Hey, you must come here and help me, forget the bicycling trip from Stockholm down through Europe. Just take the air-plain to Stockholm, stay a week or two there, go to Fotografiska to see the world’s largest photography institution, and then come here.

In many ways Totenåsen Hills was the Norwegian counterpart of Appalachian Mountains, here developed a quite strong, local religious movement among the poor people living up to the hills, singing religious folk songs without known origin now long forgotten. Many of these people were former serfs of the big farmers in the lowlands. They made song-groups everywhere, with fiddles, banjo, accordions, double shafted guitars and so on. Now only very few are alive, only one place is still a strong community with young people taking care of their heritage and their old prayer house.

Motvind or Counter Wind is growing in force, 20.000 members now, and they gather to fight back our evil and utterly satanic, incompetent and corrupt governments. I want to do my part to take back our country, with documenting the last remnants of what has been lost around the Totenåsen Hills, following in the footsteps of our apostel, a son of a serf, who came here to save all poor people around these hills at the end of the 1800th hundreds. A tall man, almost two metres, with an enormous physics, nobody was able too keep up with him when he walked around, when his followers wanted to rest after walking up a mountain he continued making gymnastic exercises while the others rested, otherwise his body would stiffen he told, and he had a deep, powerfull voice, an excellent musician! I think he saved every person he met!

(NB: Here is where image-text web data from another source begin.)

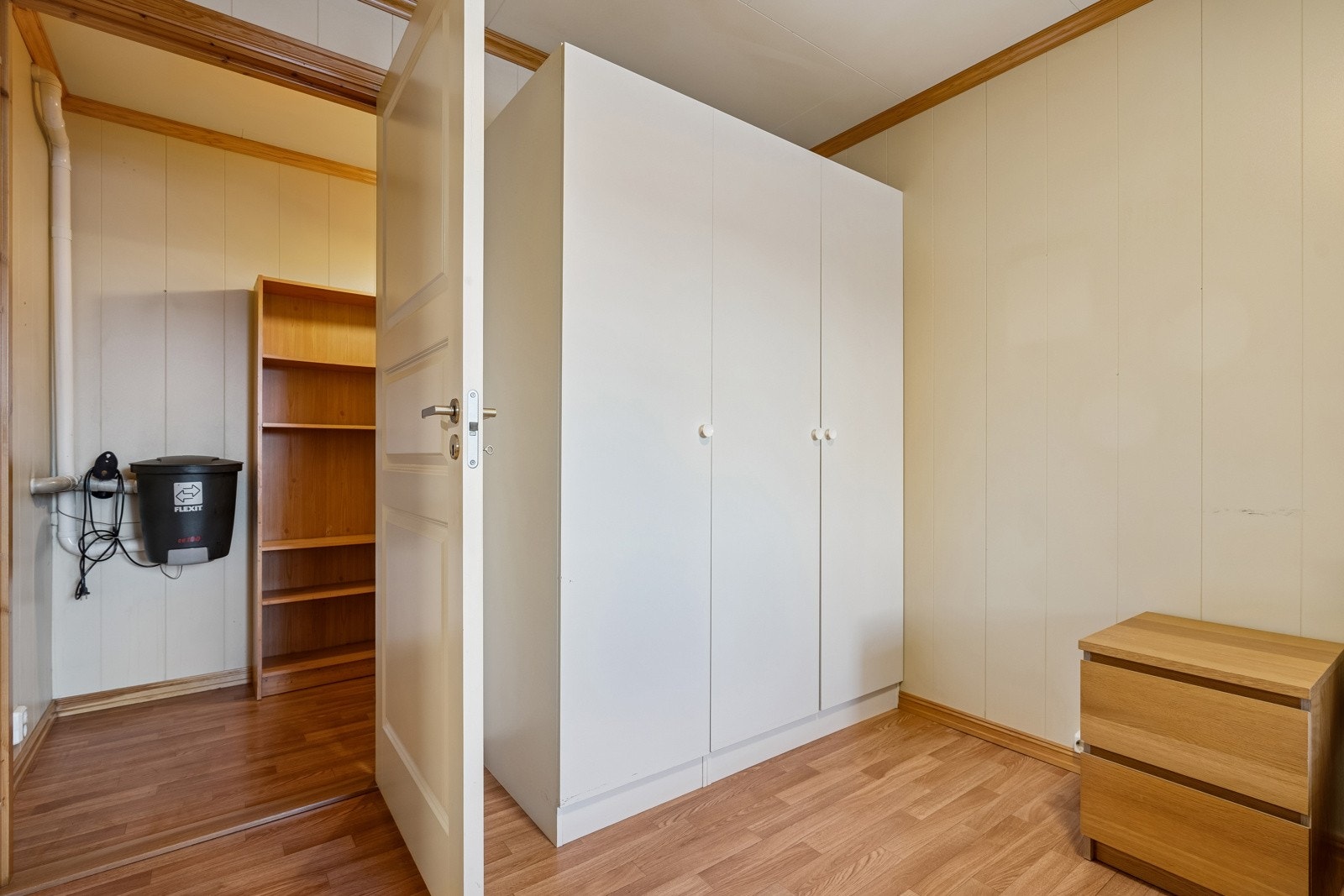 Soverom med praktisk bod på innsiden Galleribilde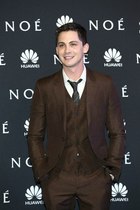 Logan Lerman : logan-lerman-1394643080.jpg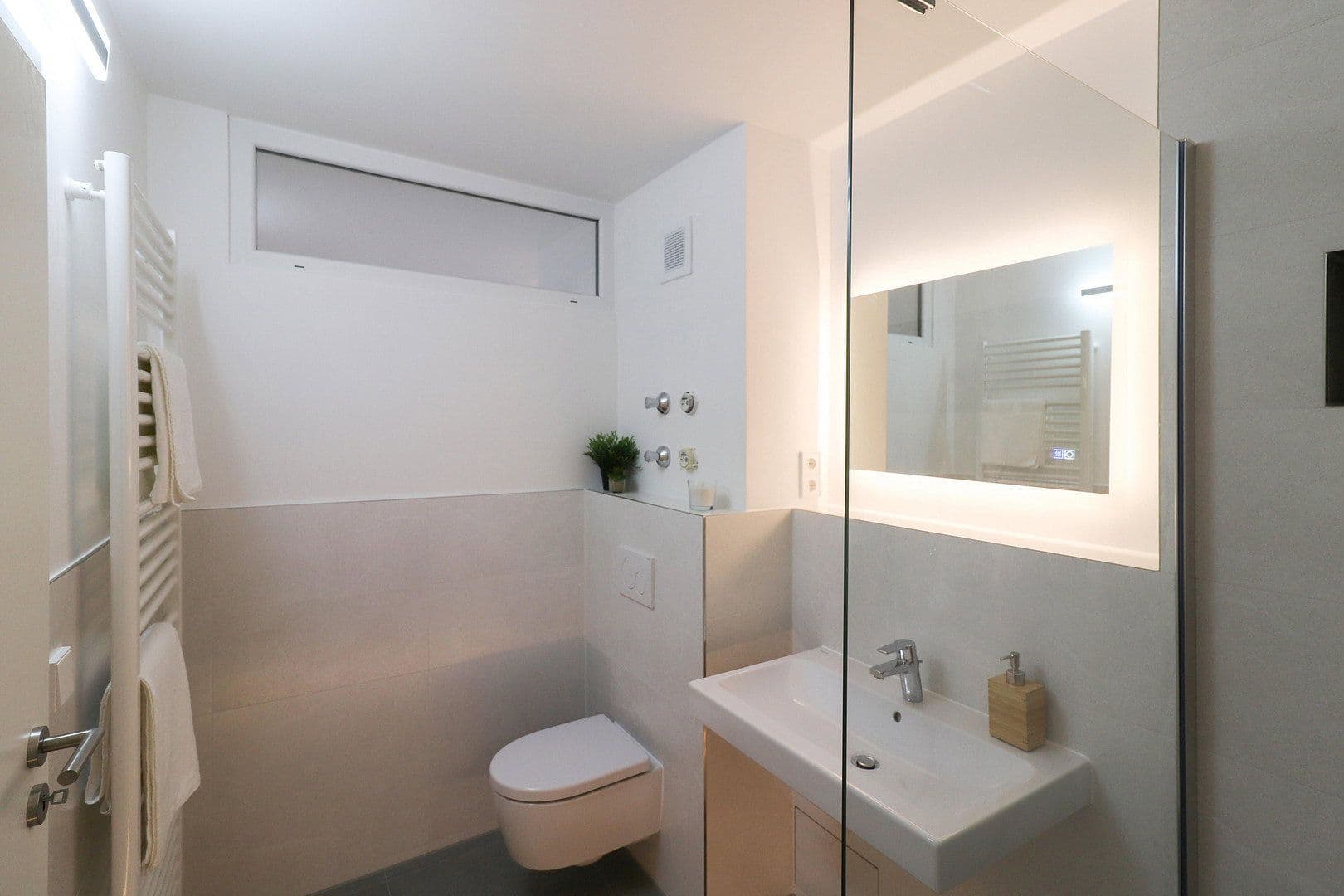 Pronájem bytu 2+1 59 m², Fohlenbergstraße 7, Marbach am Neckar, Bádensko-Württembersko Pronájem bytu 2+1 59 m², Fohlenbergstraße 7, Marbach am Neckar, Bádensko-Württembersko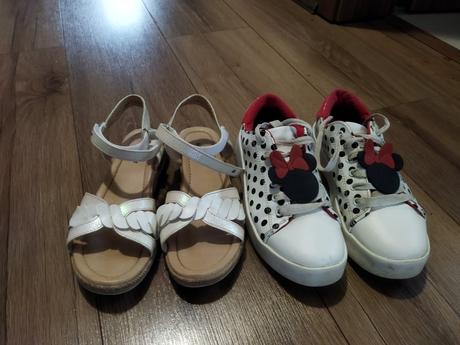 Sandálky a botasky, 34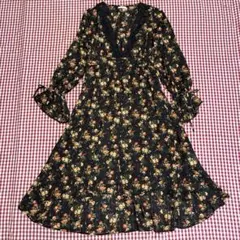 axesfemmeアクシーズ ブラック花柄レース　シアーシフォンカーディガンのサムネイル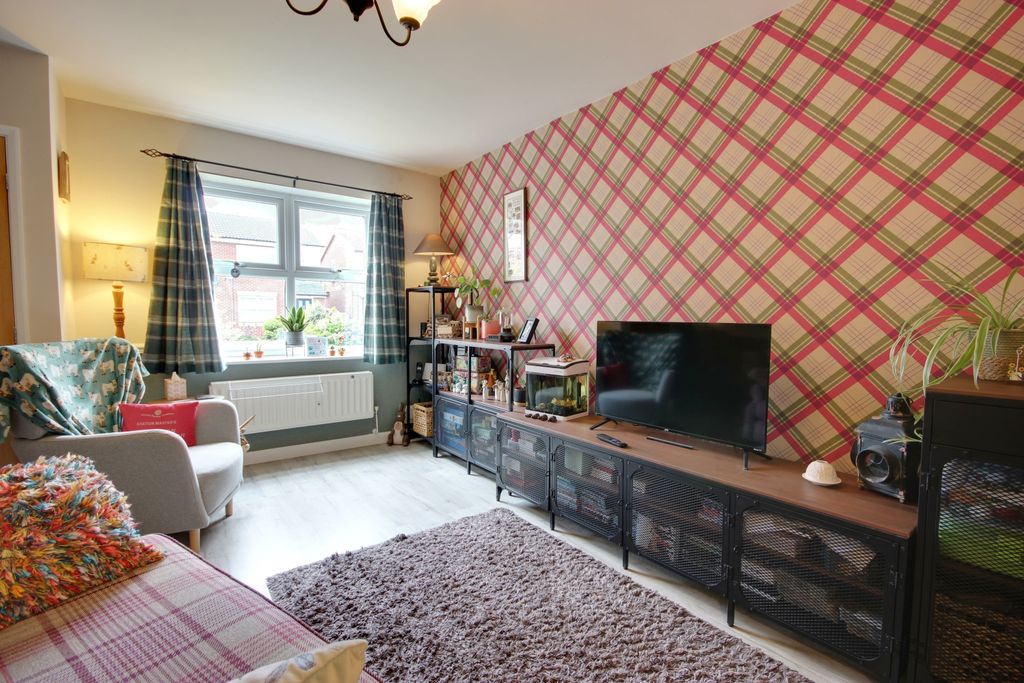 Property photo 2 of 17 1 Lounge B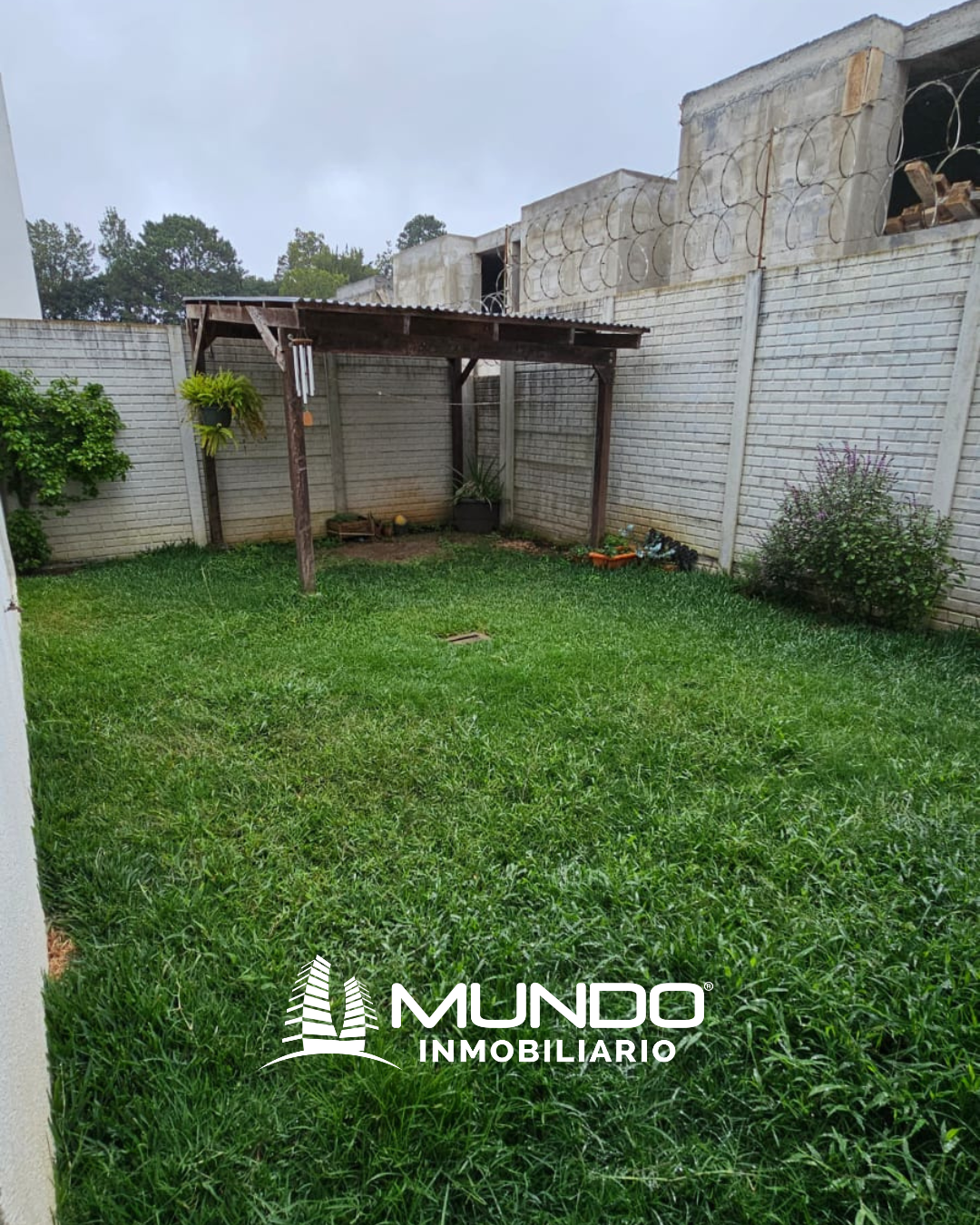 3 de 18: Jardín con pérgola
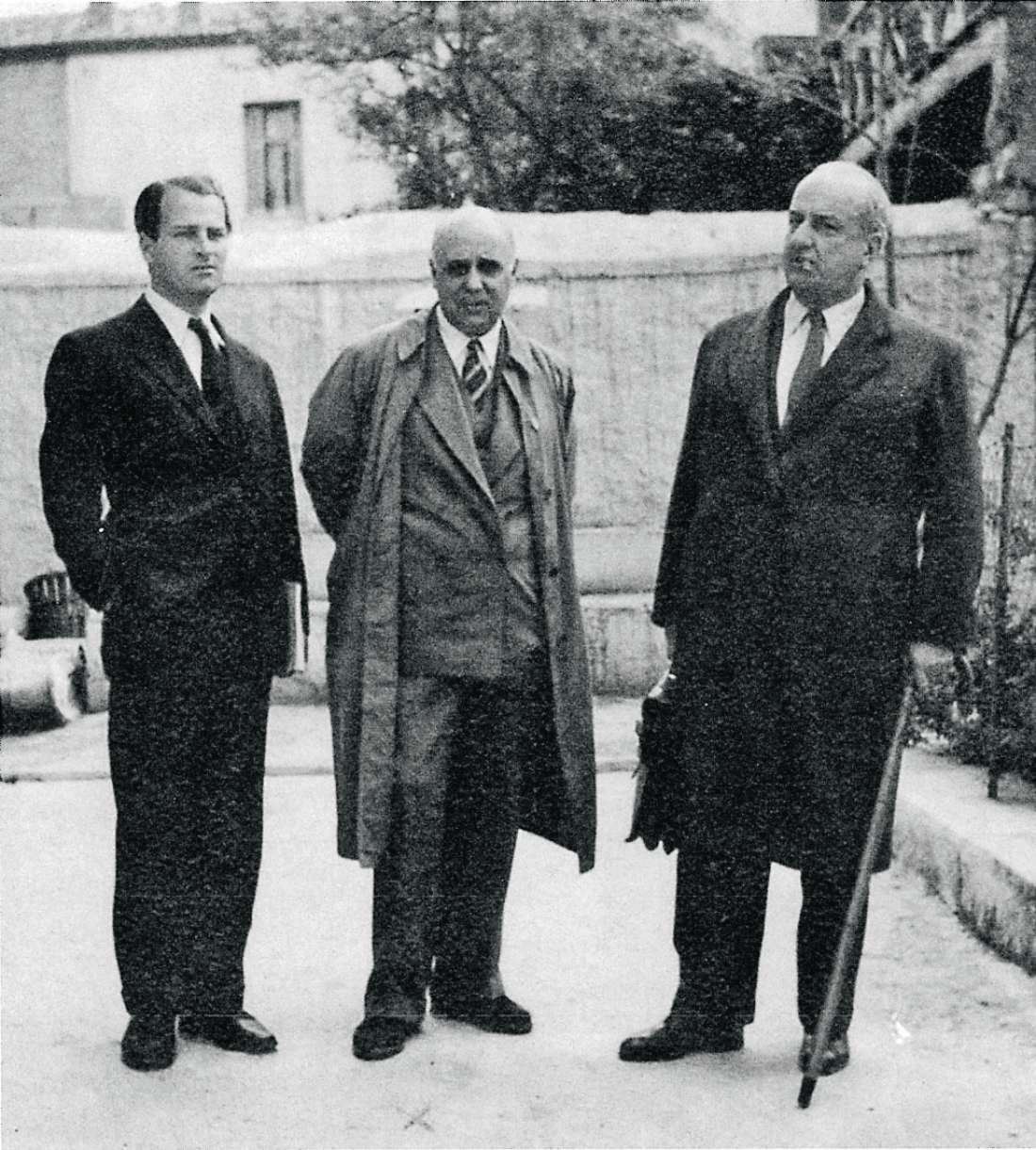 O &Gamma;&iota;ώ&rho;&gamma;&omicron;&sigmaf; &Sigma;&epsilon;&phi;έ&rho;&eta;&sigmaf;, &mu;&epsilon; &tau;&omicron;&nu; &Gamma;&iota;ώ&rho;&gamma;&omicron; &Kappa;&alpha;&tau;&sigma;ί&mu;&pi;&alpha;&lambda;&eta; &kappa;&alpha;&iota; &tau;&omicron;&nu; &Pi;ά&tau;&rho;&iota;&kappa; &Lambda;&eta; &Phi;έ&rho;&mu;&omicron;&rho;. &Omicron;&iota; &beta;&rho;&epsilon;&tau;&alpha;&nu;&omicron;ί &phi;&iota;&lambda;έ&lambda;&lambda;&eta;&nu;&epsilon;&sigmaf; &tau;&alpha; &chi;&rho;ό&nu;&iota;&alpha; &tau;&omicron;&upsilon; &pi;&omicron;&lambda;έ&mu;&omicron;&upsilon; &delta;&iota;&alpha;&tau;ά&rho;&alpha;&xi;&alpha;&nu; &tau;&iota;&sigmaf; &sigma;&chi;έ&sigma;&epsilon;&iota;&sigmaf; &tau;&omicron;&upsilon;&sigmaf; &mu;&epsilon; &pi;&omicron;&lambda;&lambda;&omicron;ύ&sigmaf; έ&lambda;&lambda;&eta;&nu;&epsilon;&sigmaf; &phi;ί&lambda;&omicron;&upsilon;&sigmaf; &tau;&omicron;&upsilon;&sigmaf; &lambda;ό&gamma;&omega; &tau;&eta;&sigmaf; &delta;&iota;&alpha;&phi;&omicron;&rho;&epsilon;&tau;&iota;&kappa;ή&sigmaf; &pi;&rho;&omicron;&sigma;έ&gamma;&gamma;&iota;&sigma;&eta;&sigmaf; &sigma;&tau;&omicron;&nu; &Kappa;&upsilon;&pi;&rho;&iota;&alpha;&kappa;ό &Alpha;&gamma;ώ&nu;&alpha;.  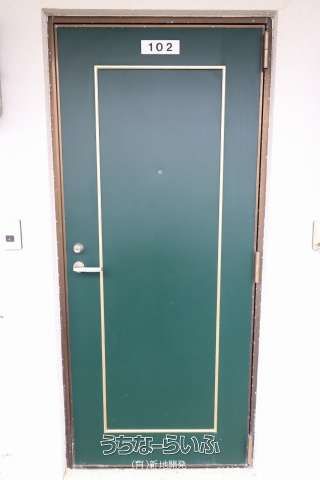 Renovated 2LDK Apartment for Rent in Urasoe, Okinawa - Thumbnail 3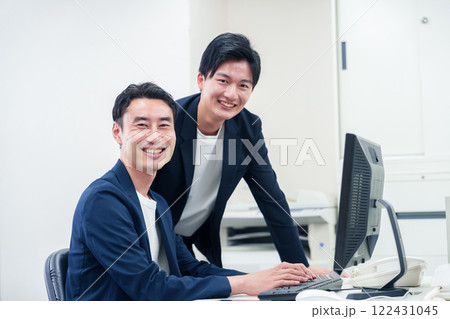ビジネスカジュアルで働く男性のビジネスマン ビジネスカジュアルで働く男性のビジネスマン 122431045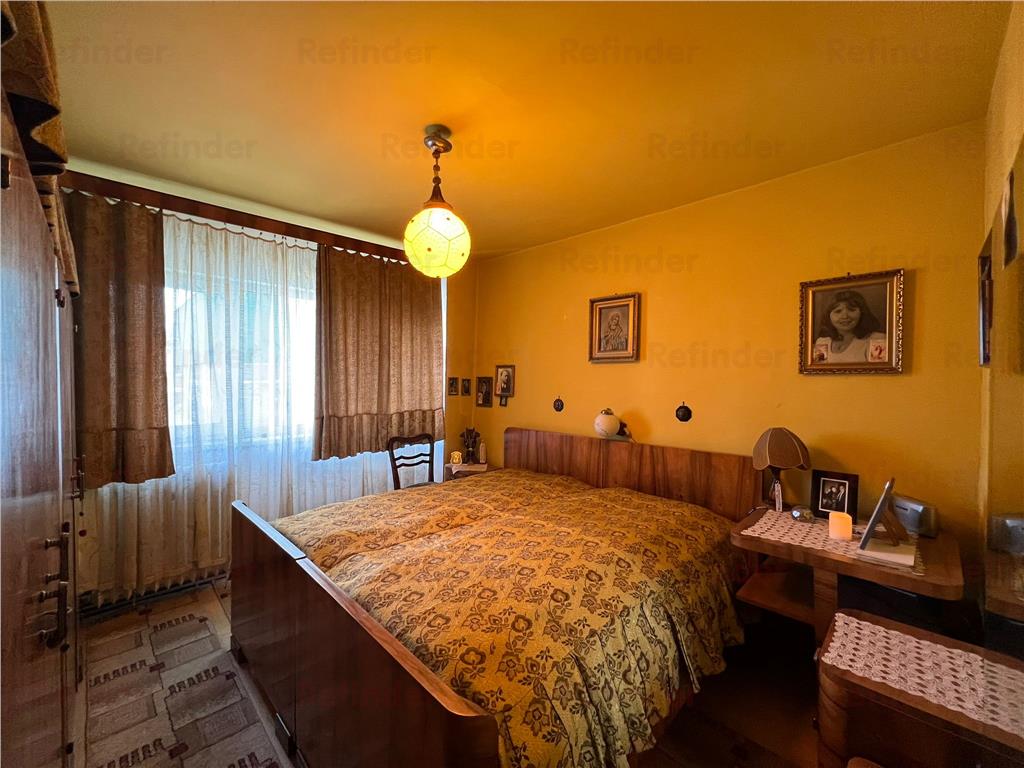 Vanzare apartament 4 camere Victoriei  Basarab  Titulescu | centrala proprie | bloc 1980 | loc de parcare ADP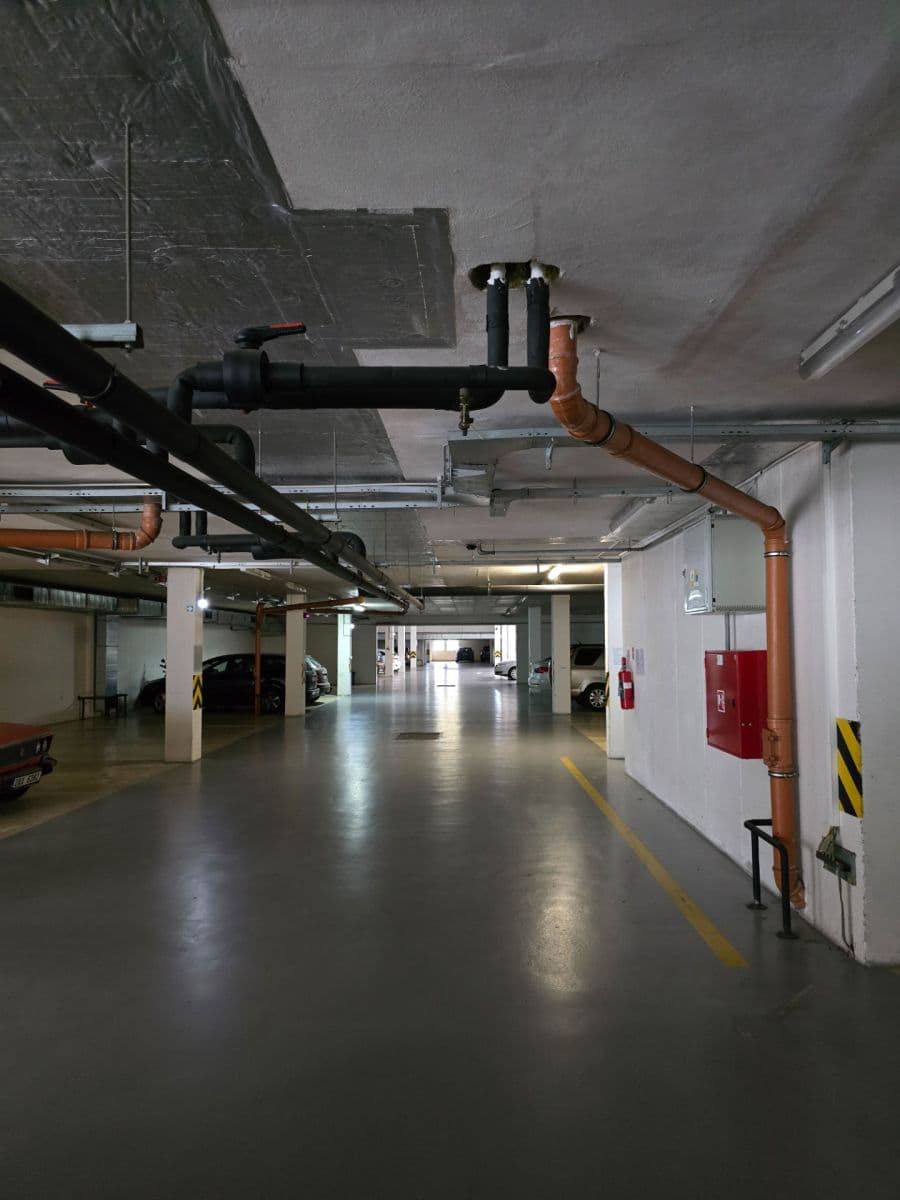 Pronájem garáže 14 m², Hnězdenská, Praha, Praha Pronájem garáže 14 m², Hnězdenská, Praha, Praha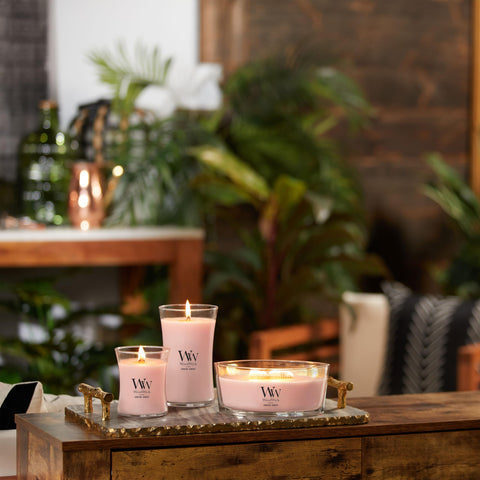 WoodWick coastal sunset fragrance notes evoke floral, coconut, and sea breeze.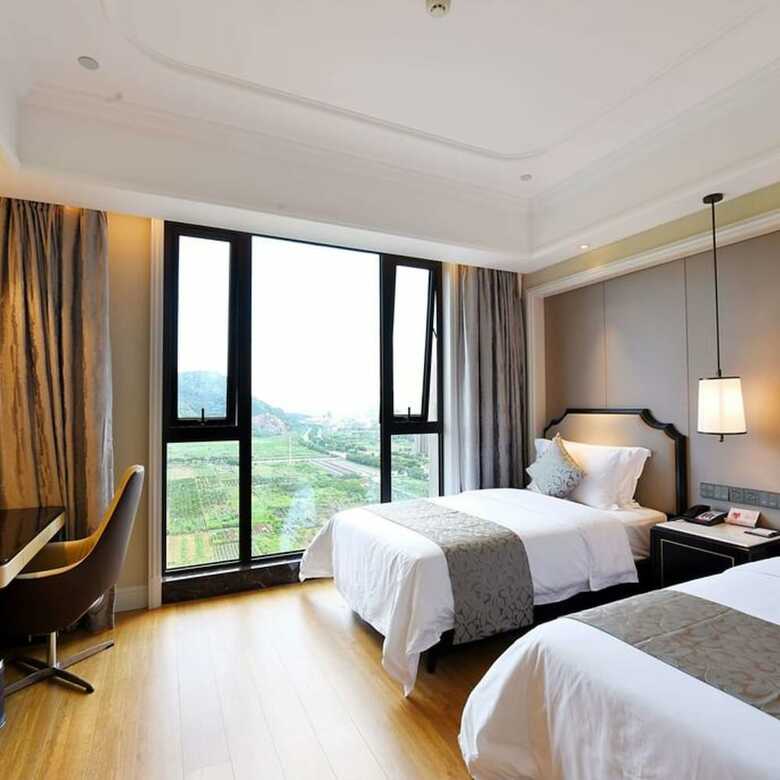 Hotel Ramada Plaza By Wyndham Wenzhou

Your video is utterly inspirational, and I want to work exactly the same way as you do! Only very little is left of the old Norway here I live and in the rest of the country as well, much, much less than in New Mexico. People turned inward, insulate themselves or become vulgar bullies, nothing between, the old kind of personality I faintly remember from my childhood, is gone. But I’ll still do what I can to catch the last, faint remnants with my camera. And maybe something new can grow out of this work?